Machine learning (ML) is increasingly being used in trading in order to help investors with improving their decision-making and trade execution strategies.
However, ML poses various challenges when it comes to capital markets surveillance, but its proponents argue that the technology serves a useful purpose. For instance, it might help with identifying abuse or manipulative activities and other types of risks, according to a report from the FICC Markets Standards Board (FMSB).
Machine learning is a specific application or use case category for artificial intelligence (AI) that allows systems to automatically (and artificially) “learn” and make continuous improvements from previous experiences without requiring explicit (computer) programming. ML focuses on the development of software programs that can access data and use it to “learn” on their own. There are many Fintech solutions that have been developed using AI and sophisticated machine learning algorithms.
The increased use and advancements made in algorithmic trading and ML technologies poses certain challenges for the surveillance capabilities of companies, according to FMSB.

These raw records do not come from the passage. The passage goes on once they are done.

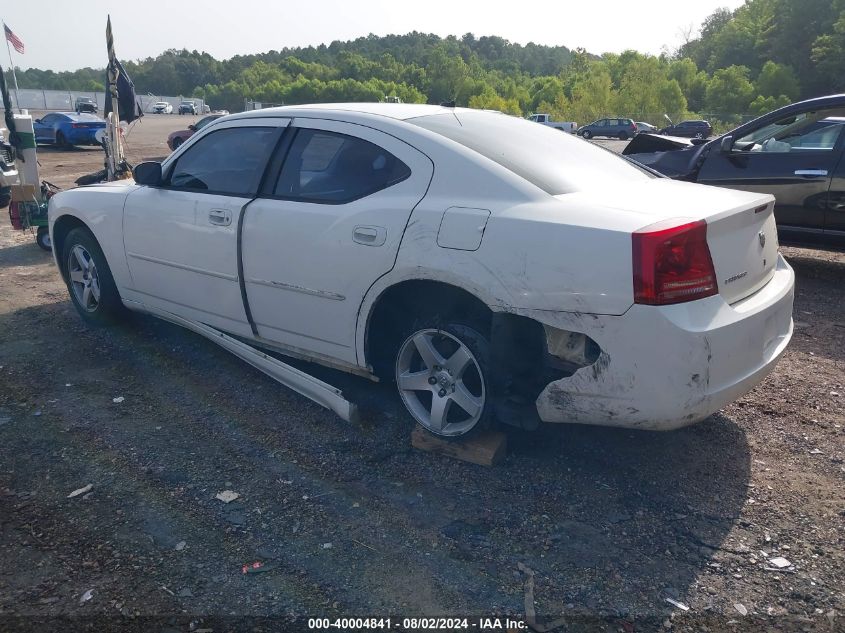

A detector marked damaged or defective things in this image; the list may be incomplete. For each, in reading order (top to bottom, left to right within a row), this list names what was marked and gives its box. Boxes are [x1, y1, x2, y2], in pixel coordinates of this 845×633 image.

damaged rear bumper [528, 252, 792, 430]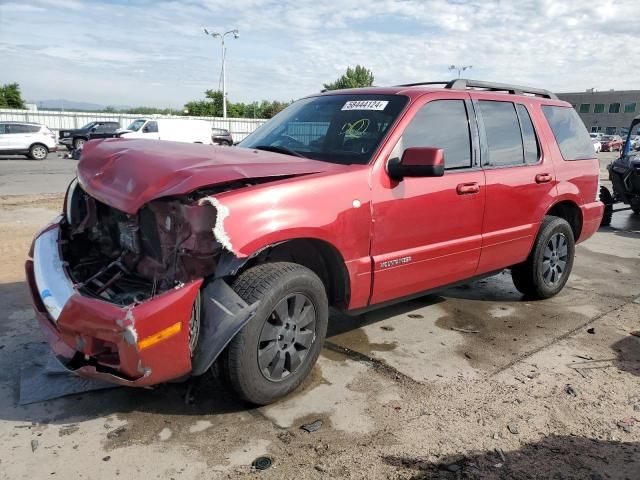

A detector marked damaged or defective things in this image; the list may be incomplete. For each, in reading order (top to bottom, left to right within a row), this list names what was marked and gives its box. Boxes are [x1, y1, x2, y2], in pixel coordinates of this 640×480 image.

broken bumper cover [25, 221, 201, 386]
crumpled front hood [78, 139, 344, 214]
damaged red suv [26, 79, 604, 404]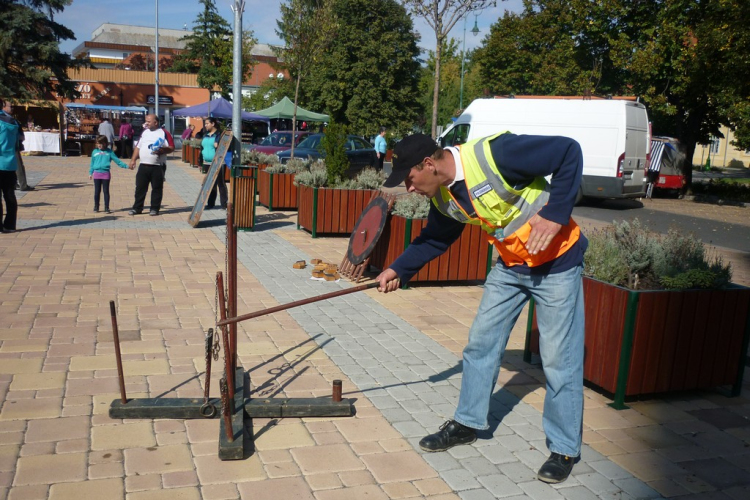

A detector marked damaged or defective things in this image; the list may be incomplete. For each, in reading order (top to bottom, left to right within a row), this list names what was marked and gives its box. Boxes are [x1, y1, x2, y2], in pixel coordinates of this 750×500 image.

rusty metal stand [107, 181, 362, 460]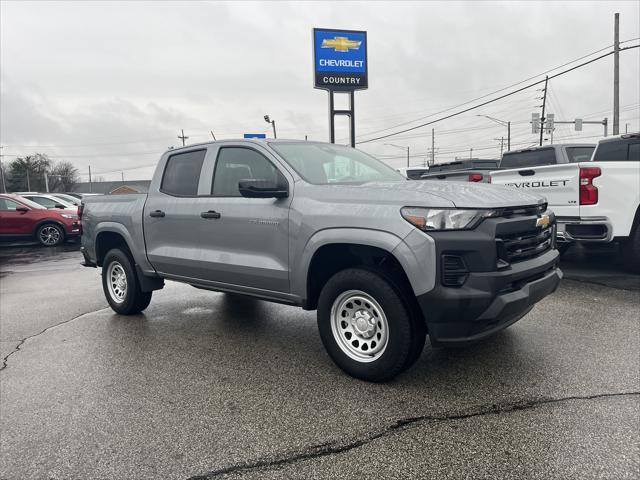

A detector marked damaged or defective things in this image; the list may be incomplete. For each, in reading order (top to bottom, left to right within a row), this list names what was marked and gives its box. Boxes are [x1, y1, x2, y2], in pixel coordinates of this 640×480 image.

pavement crack [0, 308, 109, 372]
pavement crack [188, 392, 636, 478]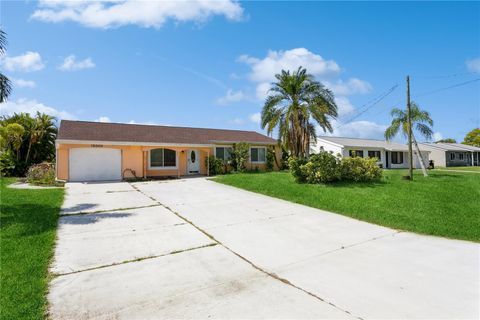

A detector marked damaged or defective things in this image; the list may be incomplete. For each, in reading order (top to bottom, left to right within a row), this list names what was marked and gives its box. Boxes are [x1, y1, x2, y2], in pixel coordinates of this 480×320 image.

driveway crack [130, 182, 364, 320]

Companies have large amounts of structured and unstructured data sets, however, this leads to the problem of “noise,” which makes it challenging to obtain the data signals needed to track suspicious activity.

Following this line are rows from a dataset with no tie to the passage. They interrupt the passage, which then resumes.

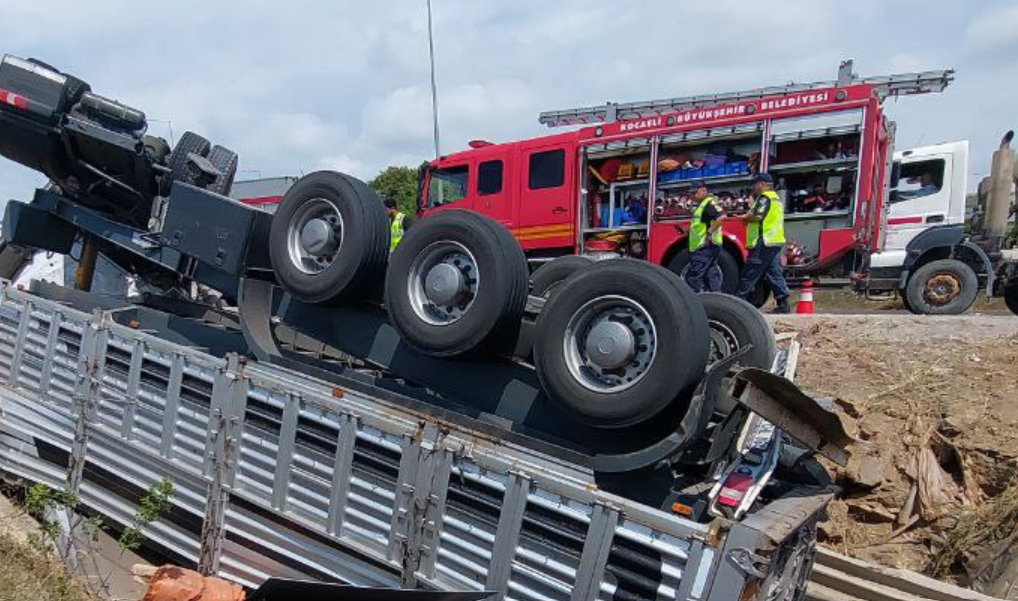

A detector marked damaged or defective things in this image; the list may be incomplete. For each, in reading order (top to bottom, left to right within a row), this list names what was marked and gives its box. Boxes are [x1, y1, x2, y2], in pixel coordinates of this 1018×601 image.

overturned truck [1, 54, 851, 598]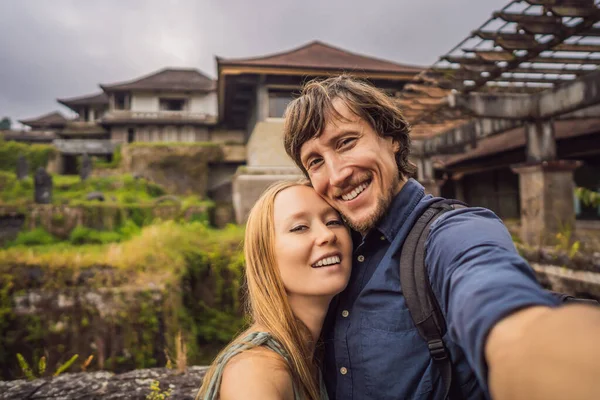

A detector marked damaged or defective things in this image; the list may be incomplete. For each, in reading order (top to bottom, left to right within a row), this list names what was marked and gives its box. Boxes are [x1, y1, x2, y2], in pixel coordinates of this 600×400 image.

broken roof [100, 69, 216, 93]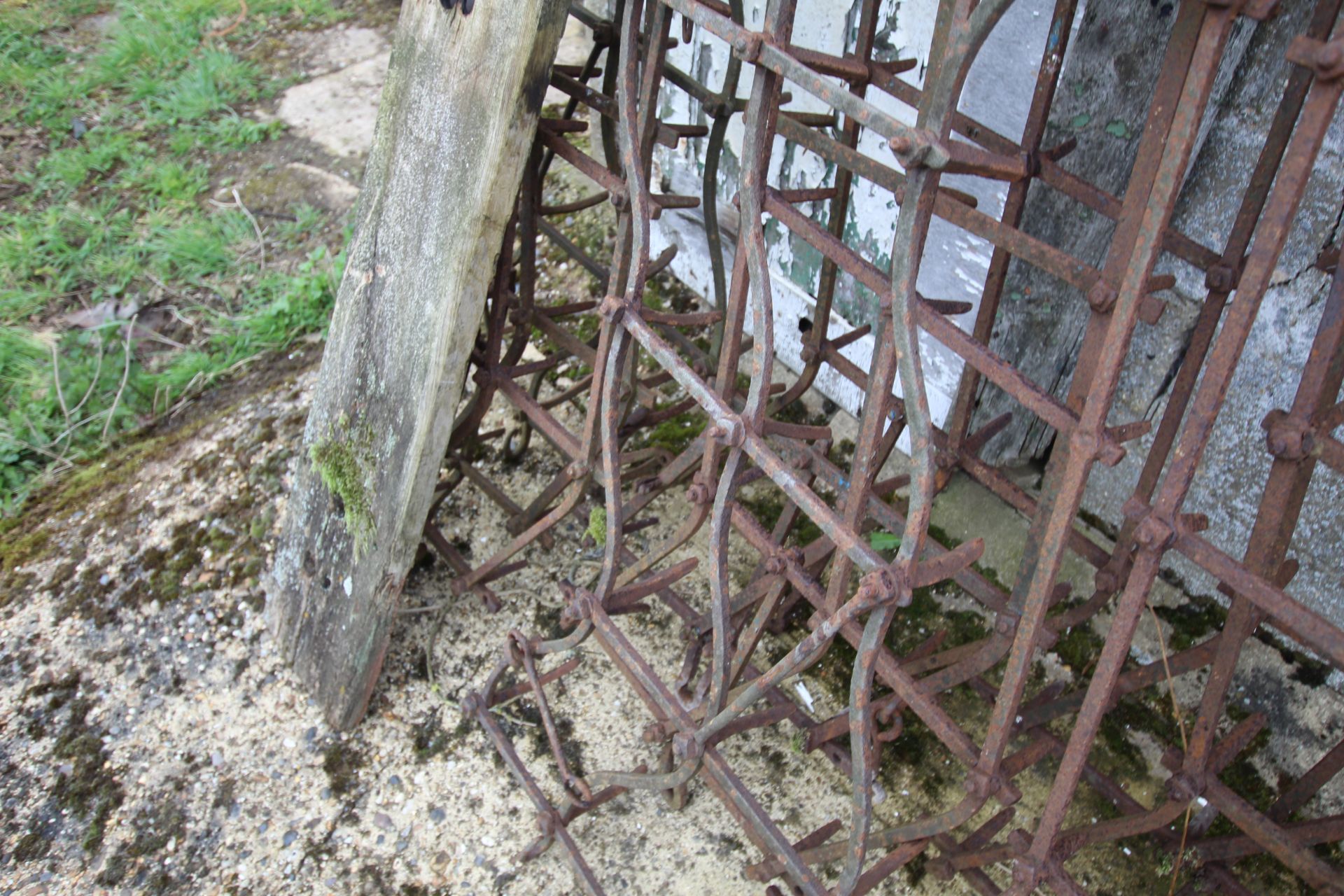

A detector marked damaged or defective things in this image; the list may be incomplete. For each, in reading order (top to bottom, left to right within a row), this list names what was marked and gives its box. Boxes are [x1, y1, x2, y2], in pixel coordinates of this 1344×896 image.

rusty metal harrow [419, 4, 1344, 892]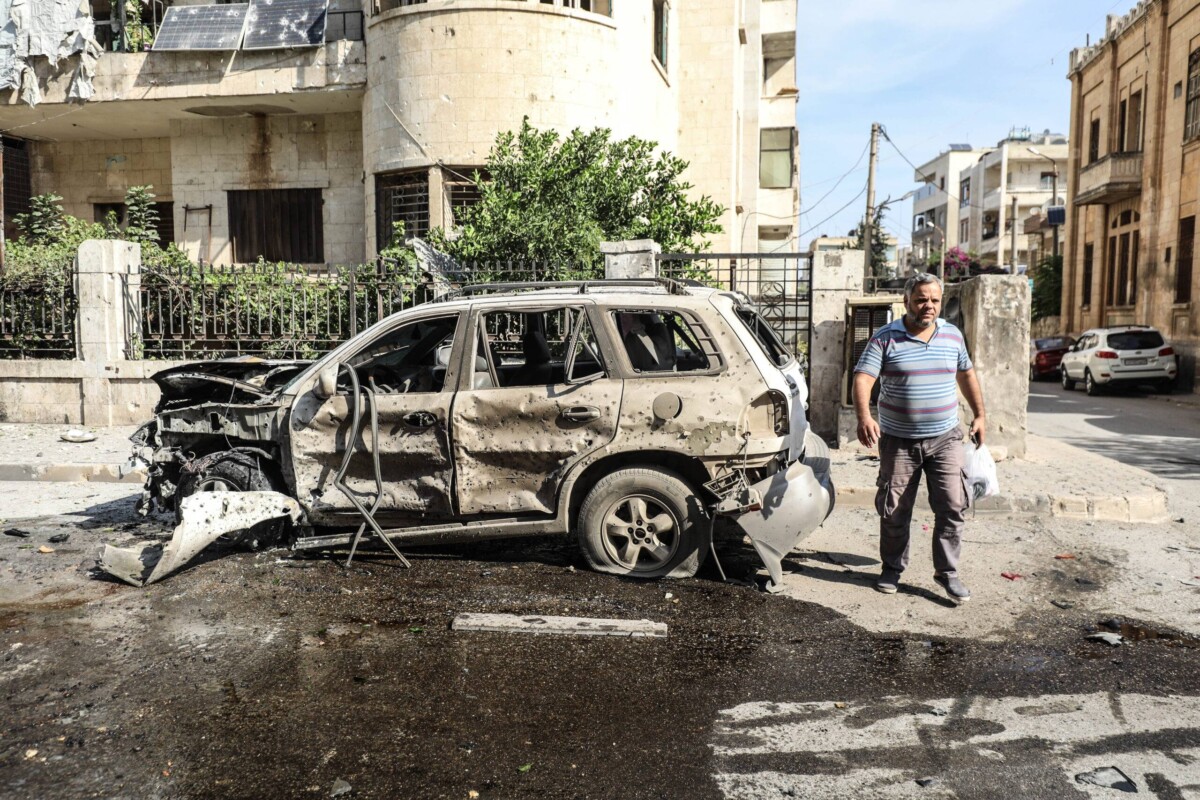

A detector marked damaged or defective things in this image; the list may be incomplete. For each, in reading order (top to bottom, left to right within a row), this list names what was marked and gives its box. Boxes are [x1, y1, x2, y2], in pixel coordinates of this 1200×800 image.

broken window [227, 188, 322, 262]
damaged facade [4, 0, 800, 260]
broken window [380, 171, 432, 250]
broken window [346, 312, 464, 394]
burnt vehicle frame [126, 278, 828, 584]
destroyed suv [124, 282, 836, 588]
broken window [472, 306, 596, 388]
war-damaged street [2, 382, 1200, 800]
broken window [616, 310, 716, 376]
detached car bumper [732, 428, 836, 592]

The increasingly complex nature of AI or ML-based trading strategies has created significant challenges which are related to the evidence of “intent, complexity, and the risk of self-learning machines actively choosing to manipulate markets,” the report noted.

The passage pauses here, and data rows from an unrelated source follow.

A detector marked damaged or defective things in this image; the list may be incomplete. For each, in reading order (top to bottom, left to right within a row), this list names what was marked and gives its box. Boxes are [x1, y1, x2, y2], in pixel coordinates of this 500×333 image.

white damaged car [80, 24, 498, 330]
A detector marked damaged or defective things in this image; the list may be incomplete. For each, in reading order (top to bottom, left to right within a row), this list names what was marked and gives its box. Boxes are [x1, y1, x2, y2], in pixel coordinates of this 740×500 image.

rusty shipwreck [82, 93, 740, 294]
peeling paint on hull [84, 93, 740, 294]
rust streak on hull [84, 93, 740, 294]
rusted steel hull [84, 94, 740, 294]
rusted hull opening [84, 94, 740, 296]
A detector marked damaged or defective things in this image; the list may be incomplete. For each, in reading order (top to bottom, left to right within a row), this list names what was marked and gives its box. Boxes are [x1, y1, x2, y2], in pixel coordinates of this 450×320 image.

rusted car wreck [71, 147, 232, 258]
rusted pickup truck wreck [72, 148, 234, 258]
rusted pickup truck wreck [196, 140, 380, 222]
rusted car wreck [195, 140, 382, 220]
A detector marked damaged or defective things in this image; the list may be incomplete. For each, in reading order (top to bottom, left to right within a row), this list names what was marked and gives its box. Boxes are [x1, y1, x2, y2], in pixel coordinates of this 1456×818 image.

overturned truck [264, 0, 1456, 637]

However, ML might also be able to assist with market surveillance since it’s able to analyze large and complex data in a fast and efficient manner.
The report added:
“Working side by side with humans, over time, machine learning programs may be better able to understand the semantics of data and the evolution of behavioral patterns and to adapt their machine learning algorithms.”
Market surveillance professionals will be required to have a solid background and good understanding of data science and related technologies, so that they are able to specify and test out various ML capabilities and functionalities.
Machine learning has very broad applications. For instance, a robot factory or digital workers powered by ML will be introduced by Russia’s VTB Bank to read, comprehend, and process financial documents.
The Royal Bank of Canada is using AI and ML to develop various appplications which also leverage the latest cloud technologies.